How to build big back muscles like Daniel Craig and Chris Pratt (responsibly)

Andara Puchino

The deadlift was the exercise Chris Evans found toughest, says Waterson, and that was also the most important for his metamorphosis into a super-swoldier. Recruiting as it does so many muscles and lighting up your central nervous system, leading to faster adaptation and strength or growth, the deadlift is demanding but rewarding. It’s also, says Waterson, satisfyingly easy to see your progression: the amount of weight you’re lifting can go up quickly.

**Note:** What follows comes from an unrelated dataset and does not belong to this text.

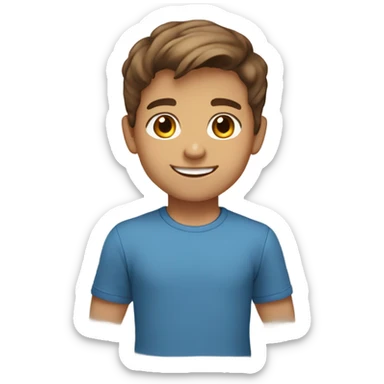 Smiling boy with brown eyes light tan skin tone brown hair and blue shirt and short brown hair sticker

Lifting increasingly heavy weight from the floor does, however, come with risks, says Waterson, especially if you’re taller and therefore have to travel more distance. So make sure you’re correctly set up, he says, with a neutral (flat) back and neck in line (so neither looking up or down). And if you’re not powerlifting or criticising other people’s workouts on the internet, do you even need to run that risk? For Guardians of the Galaxy, Waterson had 6’2” Chris Pratt deadlift off blocks, which enabled the actor to go heavier more safely.

Training by myself, I tended to deadlift with the trap or hex bar, which puts you in a more advantageous position than a barbell out in front of your body and, if you use the high handles, reduces the distance to the floor. Although, at 5’10”, I had less of an excuse. These days, Callum makes me use a barbell (responsibly).

Daniel Craig. 

©MGM/Courtesy Everett Collection

And the award for best supporting back exercises goes to…

Waterson likes to work on back “unilaterally”, which is to say one side at a time, thereby evening out strength and muscular imbalances between left and right. So single-arm dumbbell rows are “a go-to”. Maybe some reverse cable retractions (as Daniel Craig did for No Time To Die while standing on a BOSU) for posture. And seated cable rows, which enable you to mix up your tempo (lifting lighter for longer can be just as good for muscular gains as going hot and heavy, so to speak, and better for longevity), plus max out your reps. Finally, Waterson often uses lat pull-downs in place of pull-ups as a finisher, with a light weight, maybe alternating on each rep between bringing the handle to your chest and back of your neck – as long as the latter doesn’t put you in a compromising position, he says, and the weight is light.

Don’t go back to back on back

Waterson would train back twice a week: once on a dedicated back day, perhaps with biceps (which are incorporated in pulling exercises), in the similar way to doing chest and triceps (which are involved in pushing). Then the second time in the week, he’d hit chest and back together in a push-and-pull sesh for variety and also fun. “It’s a really strong day,” he says. 

His suggested protocol for back is similar to what he proposes for chest: four sets of eight to ten reps for each exercise, one to failure for the finisher, a little bit of failure and forced reps on the others. Then after, say, four weeks, up your reps to, say, 15 to 20 to work your endurance muscle fibres and cover your bases. And your back.